Bobigny 1972 nous plonge d’emblée dans les années soixante-dix, dont les décors, les intérieurs, les vêtements sont reproduits dans une gamme orangée caractéristique de la décennie. Cette BD fait revivre un temps heureusement révolu, où l’on pouvait en toute impunité, non seulement violer une femme mais la dénoncer à la police. Le récit s’ouvre ainsi avec l’audition de Daniel, un jeune homme en patte d’éléphant et veste col pelle à tarte qui vient d’être pris en flagrant délit de vol. Lors de son audition, pour s’attirer la clémence des policiers, il dénonce sa victime, Marie-Claire Chevalier, qui est tombée enceinte et a avorté clandestinement. La vie de Marie-Claire est une suite d’agressions : après avoir été violée et dénoncée, elle est torturée par un médecin qui cherche à la punir en lui faisant un curetage à vif. Pour ces scènes de grande violence, les pages se font sombres. Marie-Claire devient un halo, une silhouette absente à elle-même. « La dessinatrice, Carole Maurel, estimait que la couleur devait disparaître de ces pages. Elle a raison. Tout est dit dans ce noir et blanc », souligne Marie Bardiaux-Vaïente.

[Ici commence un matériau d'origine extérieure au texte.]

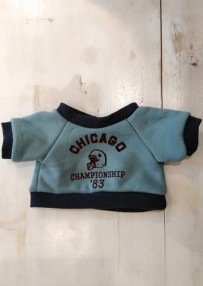 ��LL�� �夻�ؤ����٥����̤������ �������塼�� / ���������礨�п����ʤ��ͷ����夻�ؤ��ˤ������ᡪ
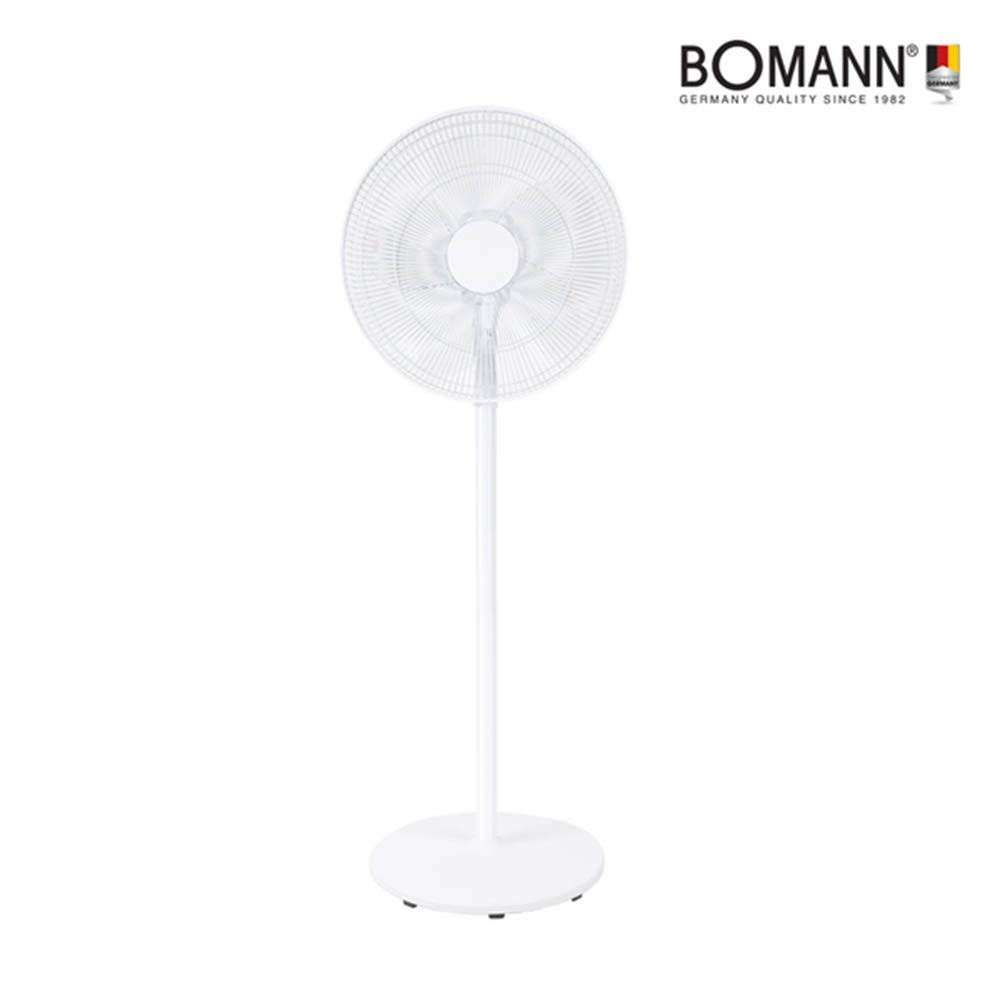 1621820040 thumbnail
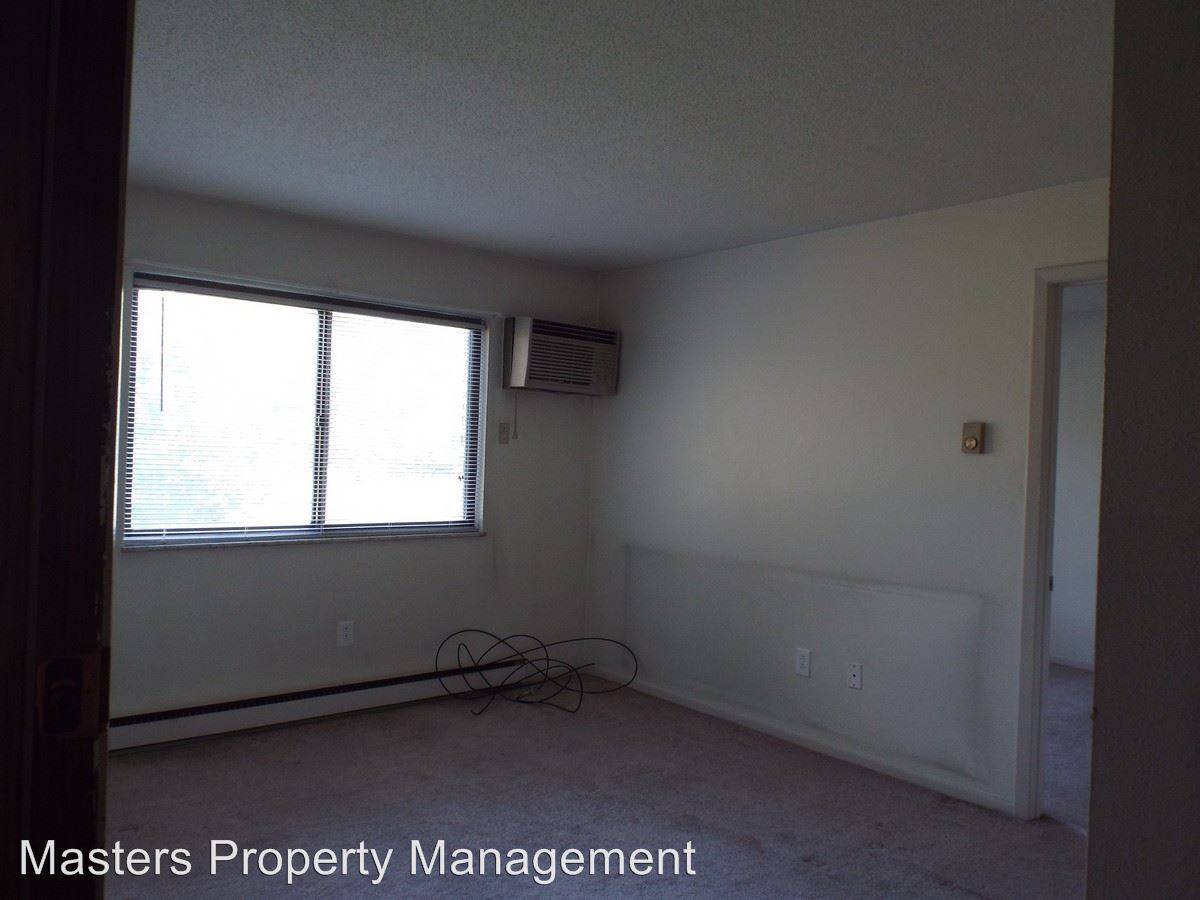 cover background
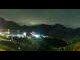 Webcam in Hochsölden, 0.9 mi away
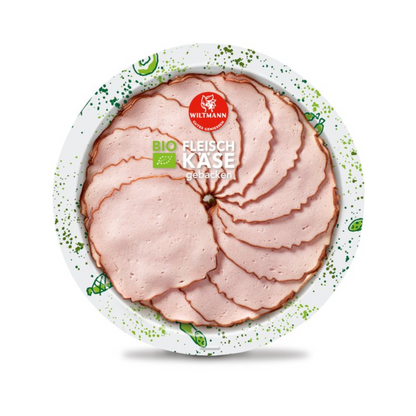 products/000000002496018004.png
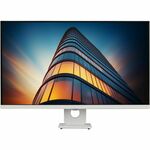 LG 32SR73U monitor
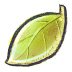 G12-Leaf icon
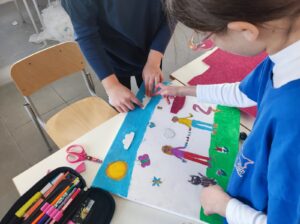 corso arte libera (3)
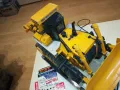 CATERPILLAR-ГОЛЯМ БУЛДОЗЕР С ДИСТАНЦИЯ ОТ GERMANY 2403251618, снимка 18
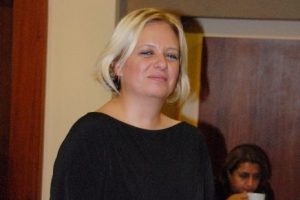 &Ccedil;anakkale filminin ikincisi geliyor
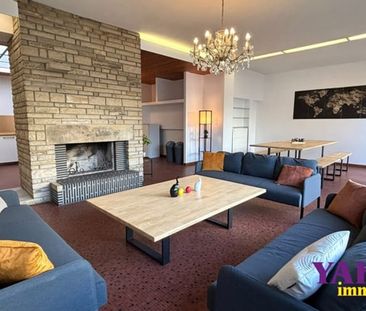 Appartement te huur - Photo 5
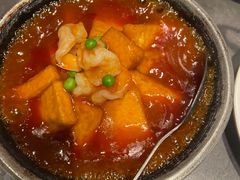 -阿喆私房菜(西五路店)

Bobigny 1972 met en scène la méthode Halimi, qui ne cherchait pas seulement à défendre des accusées, mais à changer le monde depuis les tribunaux. Avec Marie-Claire et sa mère Michèle, deux femmes discrètes, elle tient le casting parfait pour cela. Bobigny 1972 retrace ce pacte passé entre l’avocate et ses clientes. « J’ai trouvé une avocate, mais il y a une condition. Elle racontera tout aux journaux, à la radio, à la télévision », explique ainsi Michèle à sa fille Marie-Claire. Marie-Claire accepte à contrecœur et devient un symbole mis en avant par Simone de Beauvoir, Gisèle Halimi, Delphine Seyrig, des intellectuelles qui évoluent dans un monde privilégié, socialement bien loin du sien. « Cette médiatisation n’était certes pas le souhait de Marie-Claire, mais elle a cédé, pour le meilleur », résume la scénariste. La suite est connue : le procès ouvrira la voie à la légalisation de l’avortement en France.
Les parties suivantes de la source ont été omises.